A aclamada versão do diretor lançada em 2000 havia recém checado as locadoras, dois anos após seu lançamento (velho é o teu pai), e o ar de novidade empolgou a todos. Sala escura, projetor na tela e filme rolando. Entre gritos assustados e respiração ofegantes, o filme foi um sucesso quase unânime devido as situações bizarras refletidas na tela. Principalmente as cenas heréticas e sexuais do longa.

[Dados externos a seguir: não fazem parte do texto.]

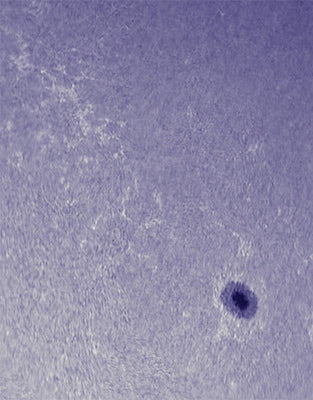 The sun through Daystar Calcium Quark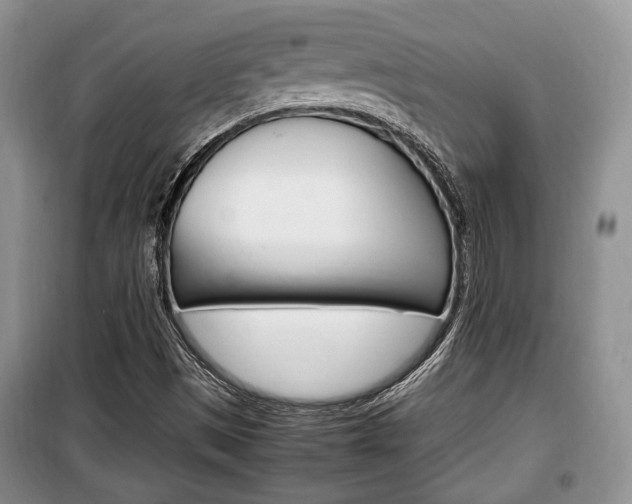 X0000100351497200806060748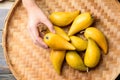 Eggfruit or canistel holding by hand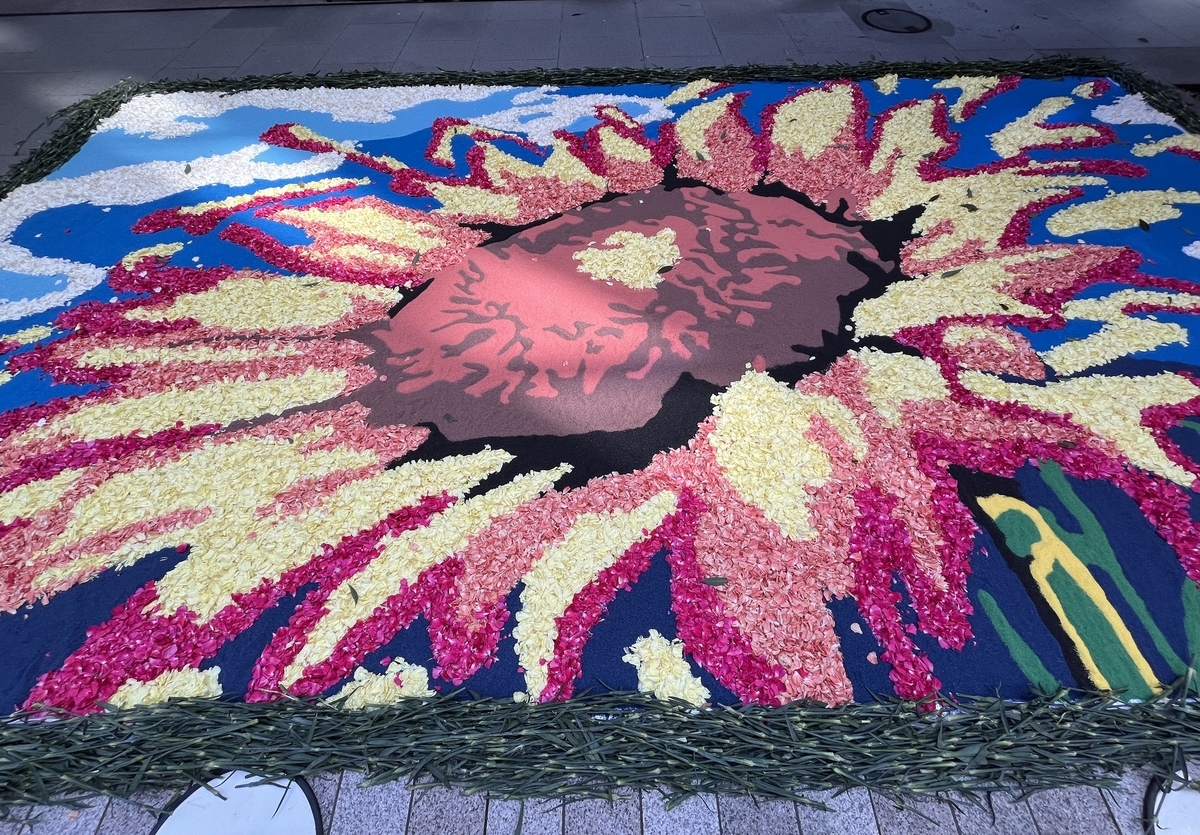Tokyo Flower Carpet 2024！ 東京フラワーカーペット 5万本の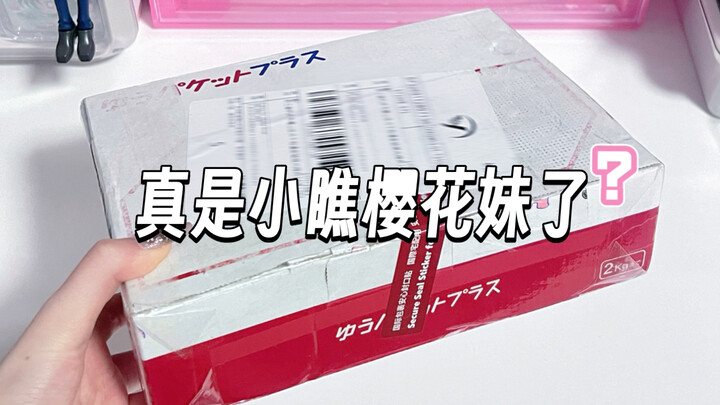 Ý bạn là cái hộp nhỏ xíu mà nhét được tới 45 cái miếng dán à?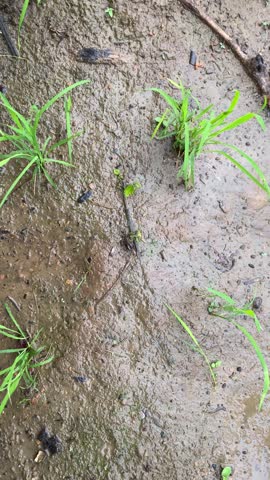 Mist landscape with green rice seedlings and wet soil.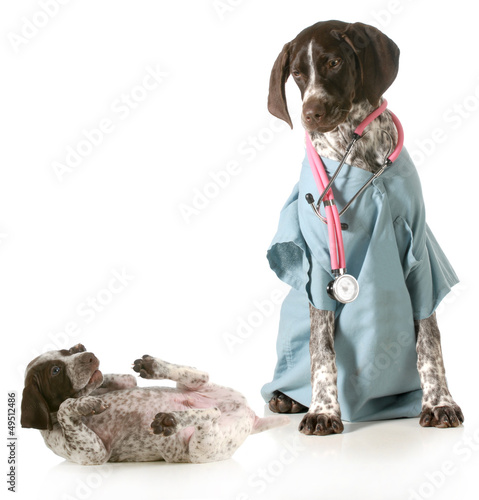 Photo: veterinary care veterinary care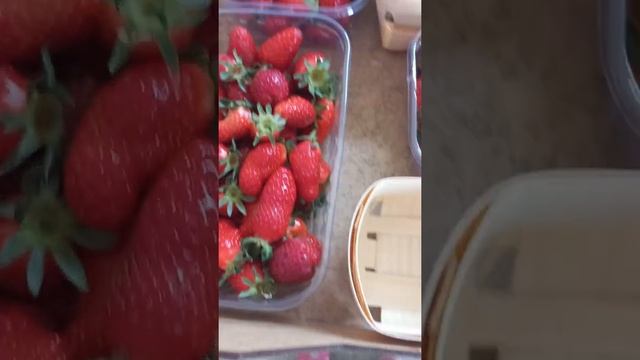 Сорт квики 2022 смотреть онлайн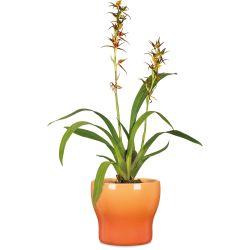 Puķpods keramikas 824-18 sunrise d18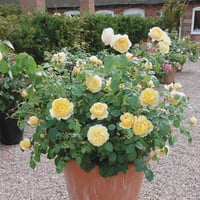 Image 6 of CHARLOTTE ROSE (Auspoly)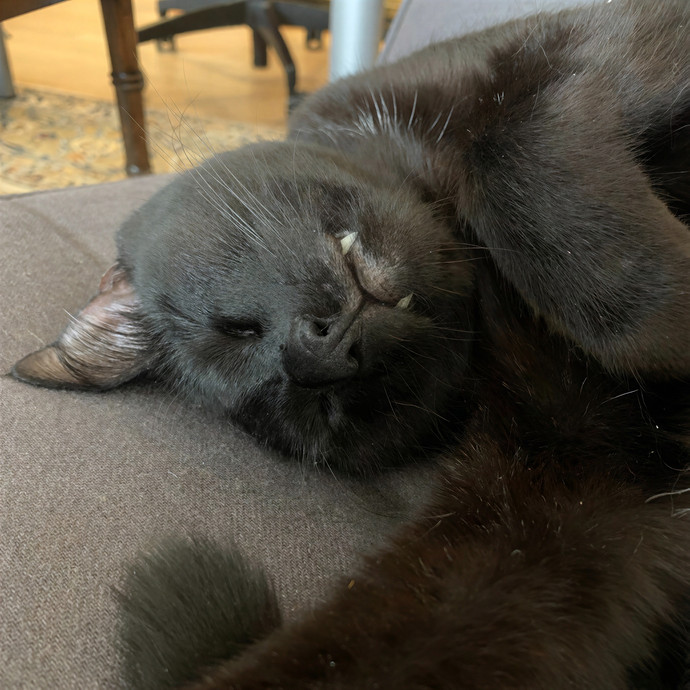 Meow-Gical Moments With Ginny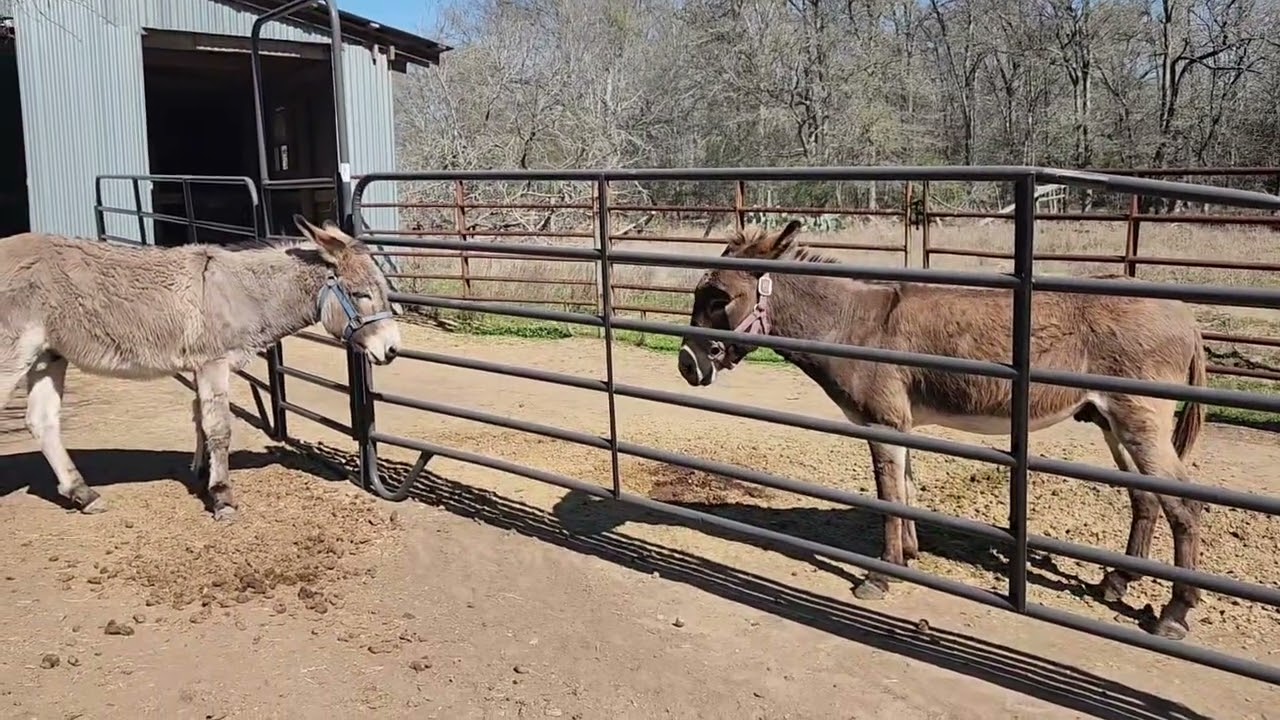 Donkeys healed remotely@ThePhoenixrisingheal
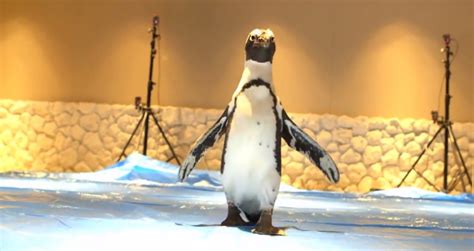 AR Penguins Lead Lost Visitors to Tokyo Sunshine Aquarium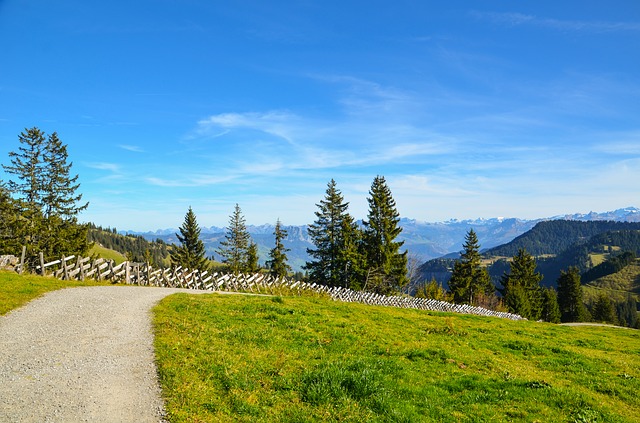 Image by Sarah Lötscher from Pixabay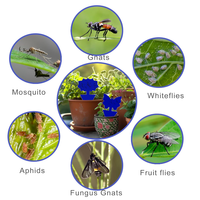 Vente en gros d'autocollants de mouches de plantes bleues non toxiques Pièges à insectes volants pour plantes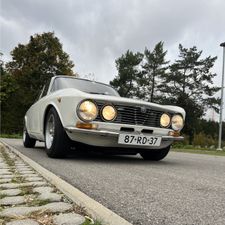 Profile image of Loperfido21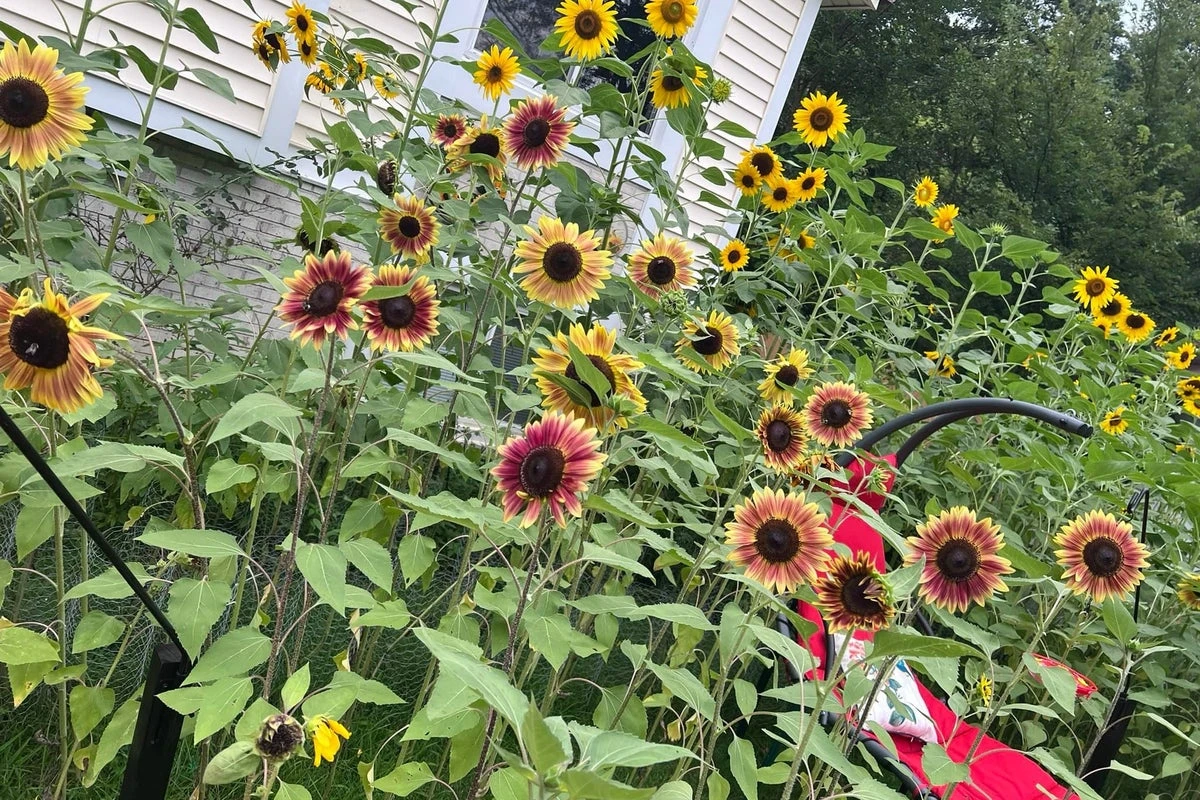 Man’s sunflower memorial garden sparks years-long legal dispute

A resenha de um geek colegial
Não sei como é a relação da geração atual com esses temas em filmes. Mas mesmo como adolescentes de 14 anos na virada do milênio, ficamos impressionados com uma garota se masturbando com um crucifixo, forçando um sexo oral ensanguentado em sua mãe e dizendo ao padre que sua mãe recém morta “chupava p*rocas no inferno”.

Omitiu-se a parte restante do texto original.